Then, by partially etching the substrate 110 and the device isolation film 112, the direct contact hole DCH exposing the first active area AC1 of the substrate 110 may be formed. The direct contact DC may be formed in the direct contact hole DCH.

Then, in the cell array area MCA and the peripheral circuit area PCA, an intermediate conductive layer 134, an upper conductive layer 136, and the first capping layer 142 may be sequentially formed on the lower conductive layer 132 and the direct contact DC. The intermediate conductive layer 134 and the upper conductive layer 136 may each TIN, TiSiN, W, tungsten silicide, or a combination thereof.

In some embodiments, the first capping layer 142 may include a single film. The first capping layer 142 may include an oxide, a nitride, an oxynitride, or a combination thereof. For example, the first capping layer 142 may include SiO2, SiN, ZrO, HfO, or a combination thereof.

In the method of manufacturing the integrated circuit device 100 according to the present disclosure, after the process of forming the buried contacts BC and the process of forming the bit lines BL of the cell array area MCA, the process of forming the gate structure PGT of the peripheral circuit area PCA may be performed. Accordingly, the height of the first capping layer 142 may be designed by considering the process of buried contacts BC and the process of bit lines BL of the cell array area MCA. That is, the height of the first capping layer 142 in the vertical direction Z relative to the lower surface of the substrate 110 may be adjusted to be less than the height of the capping insulating layer of a conventional integrated circuit device. For example, the height of the first capping layer 142 may be reduced by about 43% as compared to the height of the capping insulating layer of a conventional integrated circuit device, and accordingly, the process difficultly may decrease. For example, by reducing the height of the first capping layer 142 used as an etching mask, the line width roughness (LWR), aspect ratio, etc. may be improved, which leads to a decreased process difficulty.

Referring to FIG. 13, by patterning the first capping layer 142 in the cell array area MCA, the first capping pattern 142A may be formed. In the process, the height of the first capping pattern 142A may be reduced to be lowered that the height of the first capping layer 142 (FIG. 12A). By using the first capping pattern 142A as an etching mask, the upper conductive layer 136, the intermediate conductive layer 134, and the lower conductive layer 132 may be etched to form the plurality of bit lines BL including the lower conductive pattern 132A, the intermediate conductive pattern 134A, and the upper conductive pattern 136A. In the process of forming the plurality of bit lines BL, the side wall of the direct contact DC may be partially removed, and a part of the direct contact hole DCH may be exposed.
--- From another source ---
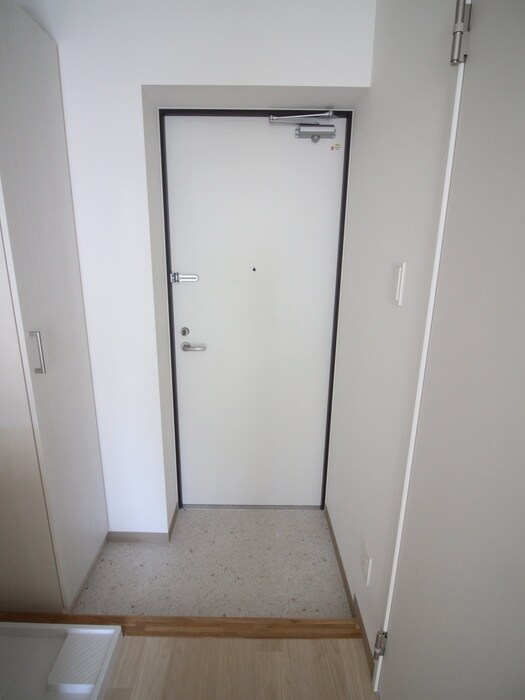 物件内観写真13　(玄関)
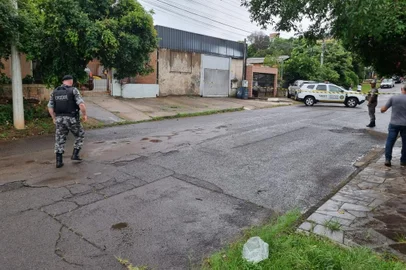 Mulher é morta a tiros no bairro Vera Cruz em Passo Fundo<!-- NICAID(15645674) -->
Referring to FIGS. 14A and 14B, the spacer structure 150 may be formed on the side walls of the plurality of bit lines BL and the direct contacts DC. The spacer structure 150 may include the first spacer layer 152, the second spacer layer 154, and the third spacer layer 156. In the process, the buried insulating layer 158 filling at least a portion of the inside of the direct contact hole DCH may be formed.

In addition, by partially removing the substrate 110, the plurality of first recess spaces RS1 exposing the first active area AC1 of the substrate 110 between the plurality of bit lines BL may be formed. The plurality of buried contacts BC filling at least a portion of the plurality of first recess spaces RS1 and spaces between the plurality of bit lines BL may be formed. The plurality of buried contacts BC may each include the lower contact conductive layer 162, the metal silicide film 164, and the upper contact conductive layer 166.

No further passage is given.